Before I close this topic of the Netnography08 conference in Munich, I also want to mention that I had a chance to meet some very interesting colleagues there. Prof. Dr. Frank-Martin Belz from the TUM Business School in Munich. He holds the—wait for this (and it’s worth waiting for) “Chair of Brewery and Food Industry Management.” I asked him if it includes samples of beer. He smiled slowly, and nodded. Now that is a dream-job. Seriously though, we found out that we have lots in common with his work on sustainability and communities.

Nice also to see Prof. Dr. Anton Meyer again, to catch up with McKinsey’s Florian Jodl, and to see Fabian Göbel, and to meet Rita.

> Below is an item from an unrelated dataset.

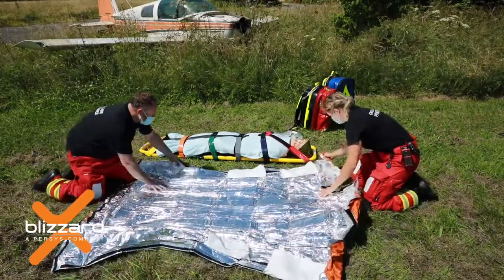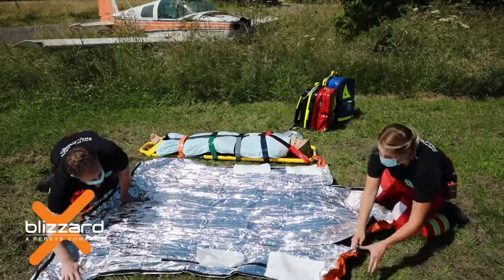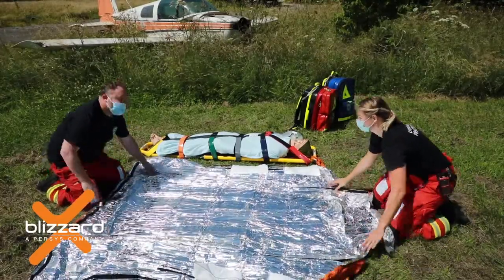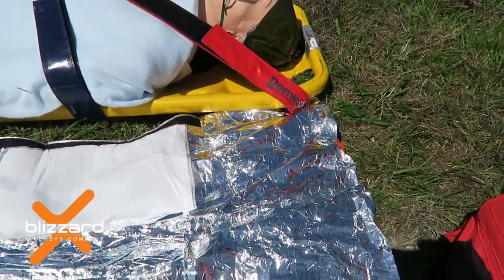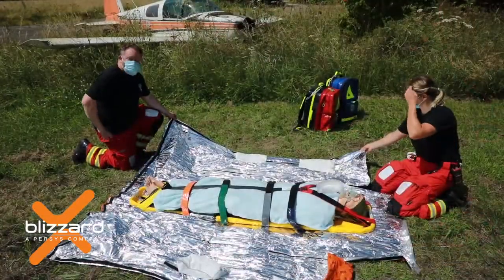Stretch the back panel material sideways before the casualty is placed in the product, ensuring the heat pads on the side panels are away from where the casualty's back will be placed. To ensure correct orientation, the head end is indicated by the single layer shoulder flaps and upper silver part of the back panel area.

And here’s a major callout to Maria Horn, the Insights Strategist from the ad agency G2 in Hamburg, who is a regular reader of this blog. It was great to meet you, Rita, Maria, Fred, and all the rest of you.

Finally, a great big thank you to Hyve for their invitation and major Bavarian hospitality. Thanks to Julia J. for her limo services (don’t quit your day job), to Hans G. for soccer commentary, and to Steffen H. for his kind and able tour guiding. Mega-thanks also to Johann for the thoughtful talks and insights. As before, I had a very memorable and enjoyable time in Munich.

I came away from this conference with a renewed sense that German companies like Hyve, Beiersdorf, Adidas, BMW, and Burda are global innovators and early adopters. These are companies that are recognizing, developing, and spreading the use of netnography for marketing and innovation.